How to write a vignette

By Kyle Nelson
(based on The House on Mango Street)

Advice
  1. Write small. Be specific. You can't write about your entire life or everything you are in 8 vignettes. Decide which story you want to tell.
  2. Reflect. You probably didn't turn into a young adult overnight. It's a gradual process. Try to capture that (it's not easy).
  3. Find the poetry. Remember, a vignette is half-story, half-poetry. Read The House on Mango Street as a writer looking to do something similar.
This is impossible to teach. There is no ONE WAY to write a vignette. 
But here are some things that I've noticed or tried myself.
  • Focus on feeling and imagery instead of plot. But my mother's hair...is the smell when she makes room for you on her side of the bed still warm with her skin...
  • Get to the point. Tell us what the vignette is going to be about right off the bat. We didn't always live on Mango Street. - Everybody in our family has different hair. - They are the only ones who understand me*.
  • Go beyond what you're talking about. Hairs is about more than hair. It's about how everyone in her family is different. It's about her relationship with her mother. It's about belonging. Comfort. Happiness.
  • Don't worry about quotation marks when you include dialogue. Sometimes you can even include the dialogue in the paragraph instead of beginning a new paragraph.
  • Begin with a line of dialogue. Close your eyes and they'll go away, her father says, or You're just imagining.
  • Fragments are okay.
  • Don't worry about including tons of background information. This isn't a novel, where each character must be fleshed out and explored. Sometimes just a character name is enough.
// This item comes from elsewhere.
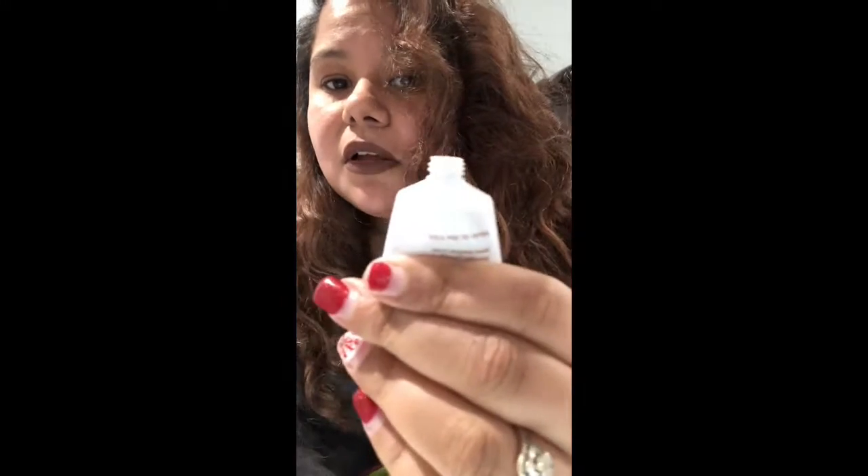It smells like apples for some reason, and a little like wine — I'm not sure why, but it smells good. Once you actually rub it in, it feels like a scrub on your face. It smells so good. This is going to be awesome for people who wear a lot of makeup and want to remove it. I will definitely try this out.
  • Be poetic. Metaphors, similes, personification. Until then I am a red balloon, a balloon tied to an anchor. You can never have too much sky.
  • Include other characters.
  • Embellish. Imagine what someone else is feeling or thinking, even if you didn't ask them about it. Esperanza is the narrator of Mango Street, and she tells her own story. But she also tells the stories of others. Marin, under the streetlight, dancing by herself...waiting for a car to stop, a star to fall, someone to change her life.